[Glavimans, Pieter (2)]
GLAVIMANS (Pieter) (2), Janszoon, geb. te Rotterdam in 1755, overl. aldaar 24 Sept. 1820, was de zoon van den broeder van den voorgaande. Hij was als scheepsbouwkundige verbonden aan de scheepswerf van de Oost-Indische compagnie te Rotterdam.
Bij de overneming van die werf in 1798 door de Bataafsche republiek verkreeg hij den titel scheepsbouwmeester op 's lands werf te Rotterdam. Tot zijn overlijden bleef hij aan die werf verbonden.
Hij schreef: Verhandeling over het nut van drooge dokken in Nieuwe Verhandelingen van het Bataafsch genootschap, 1e deel, 1798. Ook werd hij met zilver bekroond voor een antwoord op de bij den vorige vermelde prijsvraag van dat genootschap; in hetzelfde deel als het antwoord van zijn oom komt dit voor op blz. 255.

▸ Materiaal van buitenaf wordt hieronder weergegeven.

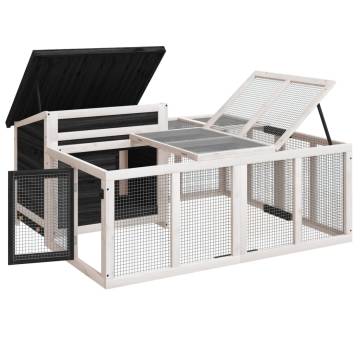 Rabbit Hutch Grey 144x123x67.5 cm - Solid Pine Wood for Pets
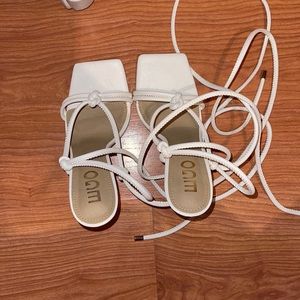 LACE UP WHITE HEELS (WORN ONCE)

In 1799 ontwierp hij met den waterbouwkundige J. Blanken Jz. (I, kol. 357) en den wiskunstenaar J. Florijn een ‘kunstklip’, een groot gevaarte, bestemd tot verdediging van het Texelsche zeegat en om daarop vijandelijke schepen te doen stranden. Het bleek bij uitvoering eene mislukking te zijn.
In 1803 werden onder zijn toezicht kanonneerbooten gebouwd, bestemd om met de fransche vloot in Engeland te landen. Gelijk bekend is deze landing achterwege gebleven.